The problem » Exact reproduction required: the lines below from the line with "Vapour Grey Metallic" to the line with "2000 Honda Prelude 5th Gen - Image 13 of 20", both ends included, and no others.
=== Begin Enclosure ===
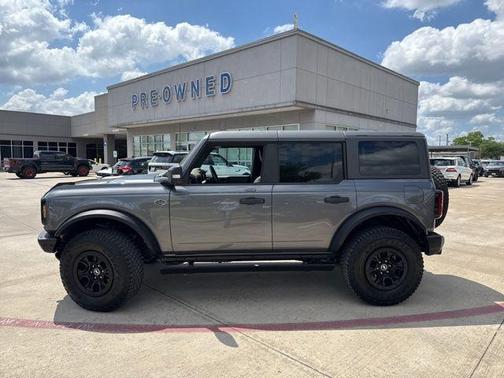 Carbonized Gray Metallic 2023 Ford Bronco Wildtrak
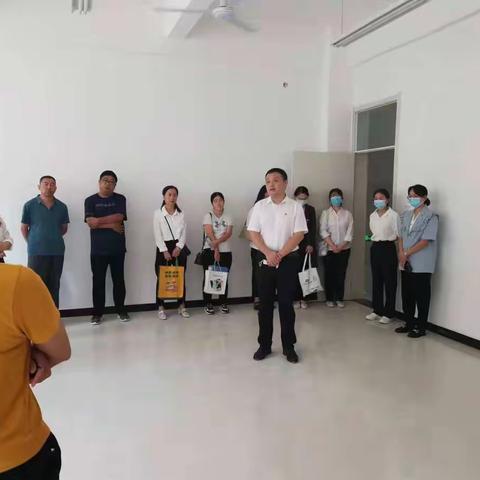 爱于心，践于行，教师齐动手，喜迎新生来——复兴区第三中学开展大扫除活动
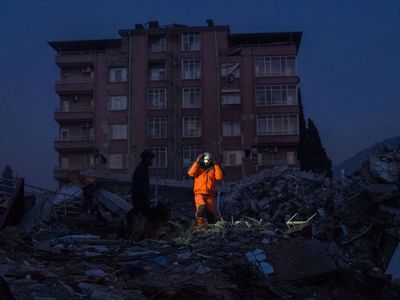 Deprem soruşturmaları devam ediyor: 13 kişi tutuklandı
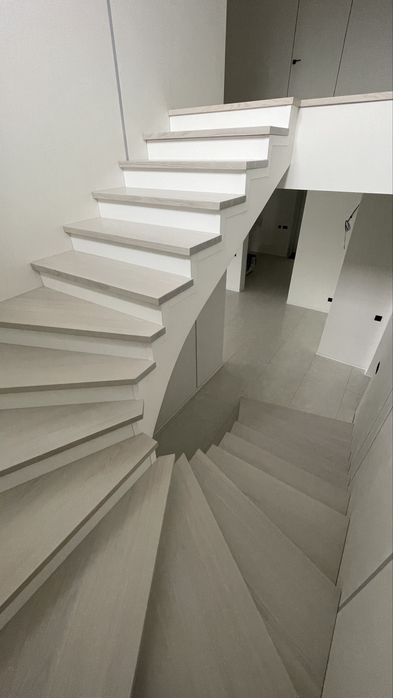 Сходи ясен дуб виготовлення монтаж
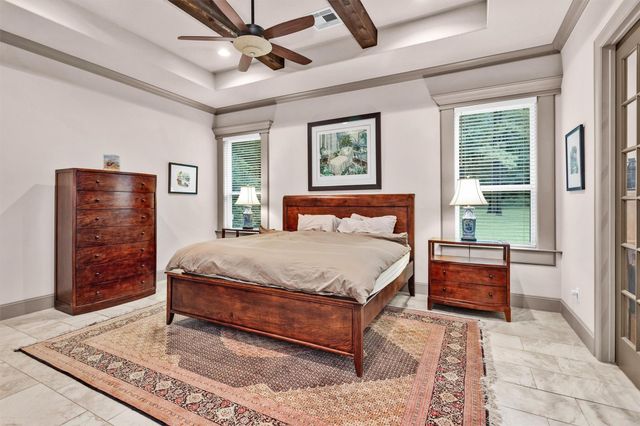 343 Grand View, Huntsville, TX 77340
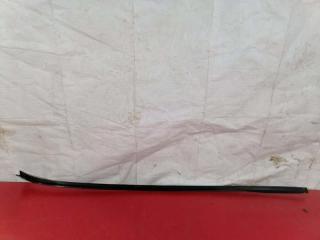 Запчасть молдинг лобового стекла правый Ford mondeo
=== End Enclosure ===
=== Begin Enclosure ===
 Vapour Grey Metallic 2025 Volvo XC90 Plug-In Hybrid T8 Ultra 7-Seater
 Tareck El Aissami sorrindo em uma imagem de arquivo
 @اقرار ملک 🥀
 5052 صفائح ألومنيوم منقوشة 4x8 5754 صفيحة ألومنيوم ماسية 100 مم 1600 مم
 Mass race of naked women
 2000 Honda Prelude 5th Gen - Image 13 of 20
=== End Enclosure ===
Expected output »
 Vapour Grey Metallic 2025 Volvo XC90 Plug-In Hybrid T8 Ultra 7-Seater
 Tareck El Aissami sorrindo em uma imagem de arquivo
 @اقرار ملک 🥀
 5052 صفائح ألومنيوم منقوشة 4x8 5754 صفيحة ألومنيوم ماسية 100 مم 1600 مم
 Mass race of naked women
 2000 Honda Prelude 5th Gen - Image 13 of 20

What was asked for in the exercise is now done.